The company has asked that I remind you that the statements on this call that are not historical or current facts, including statements about beliefs and expectations, are forward-looking statements that involve inherent risks and uncertainties. Factors that could cause actual results to differ materially from those anticipated are identified in the company's earnings release and reports on file with the SEC, which are available on the company's website at www.piperjaffray.com and on the SEC website at www.sec.gov.
This call will also include statements regarding certain non-GAAP financial measures. The non-GAAP measures should be considered in addition to and not a substitute for measures of financial performance prepared in accordance with GAAP. Please refer to the company's earnings release issued today for a reconciliation of these non-GAAP financial measures to the most comparable GAAP measure. The earnings release is available on the Investor Relations page of the company's website or at the SEC website. As a reminder, this call is being recorded.
And now, I'd like to turn the call over to Mr. Chad Abraham. Mr. Abraham, you may begin your call.
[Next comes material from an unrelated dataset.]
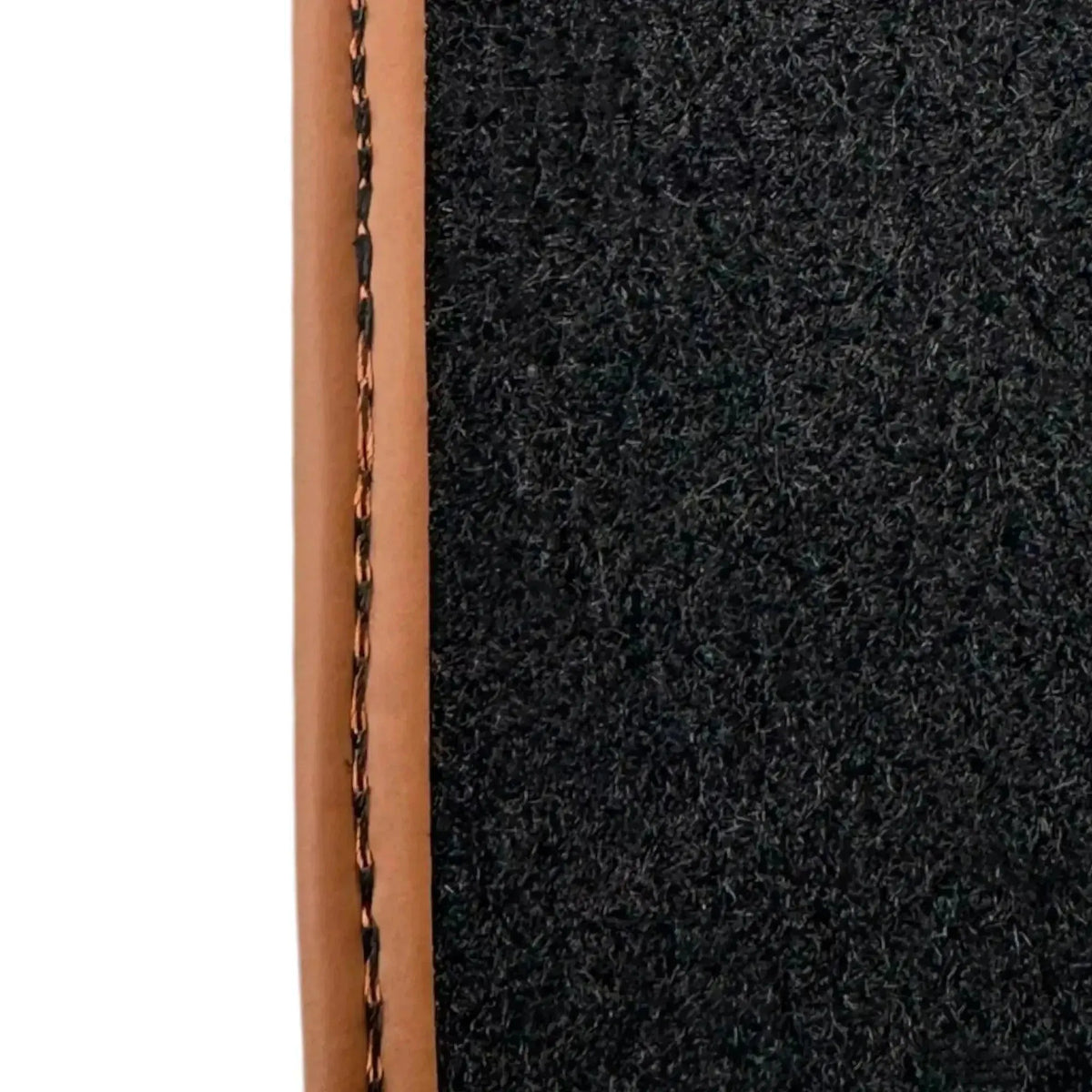 Ginger Color Sheepskin Floor Mats for Rolls-Royce Ghost Series II (2021-2024) - AutoWin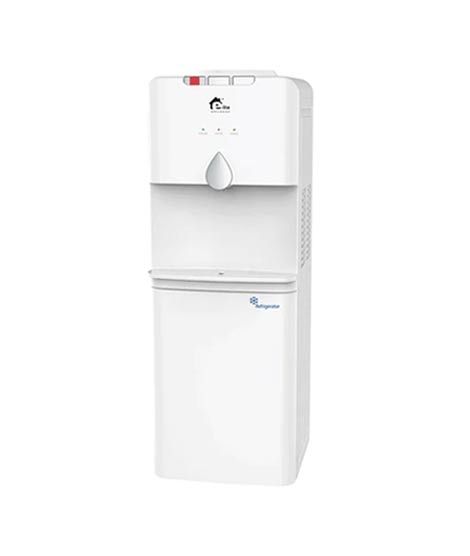 iShopping - E-lite Water Dispenser With Refrigerator White (EWD-10)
Good morning, everyone. I'm here with Deb Schoneman, our President and Tim Carter, our CFO and we would like to thank you for joining the call to discuss Piper Jaffray's results for the first quarter of 2019. Despite a slow start to equity and debt capital raising, our advisory business performed well and we generated 191 million of adjusted net revenues, one of our strongest starts to a year on record. Adjusted pre-tax income was up meaningfully year-over-year, driven by increased revenues combined with disciplined expense management.
Our strategies to drive shareholder value remain consistent as we begin 2019. We are focused on driving revenues higher through market share gains and continued sector, geographic and product expansion. Revenue growth, combined with enhanced scale and operating discipline, will expand margins and increase profitability. We were excited to announce the signing of a definitive agreement for the acquisition of Weeden & Co during the first quarter. The combination of Weeden's highly ranked agency execution platform, and Piper Jaffray's strong research platform builds a market leading middle market equities business.
When closed, we believe the transaction will enhance the scale of our equity, sales and trading business, elevate our relevance with clients and add resilience across market cycles. Deb will provide more details on the transaction in her remarks. I'll first provide an update on our advisory and equity capital markets businesses, before handing the call over to Deb to discuss the rest of our business lines. Tim will follow with a review of the financials and an update on capital use. We will then open up the call for questions.
Advisory revenues of 115 million, representing 60% of our quarterly revenues, drove our strong results for the quarter. Despite the length of the economic expansionary cycle, activity in US middle market M&A, our primary market, remains strong. M&A activity has been driven by solid economic growth domestically, ample financing availability and secular changes in technology and innovation, driving the need for strategic acquisitions and divestment activity.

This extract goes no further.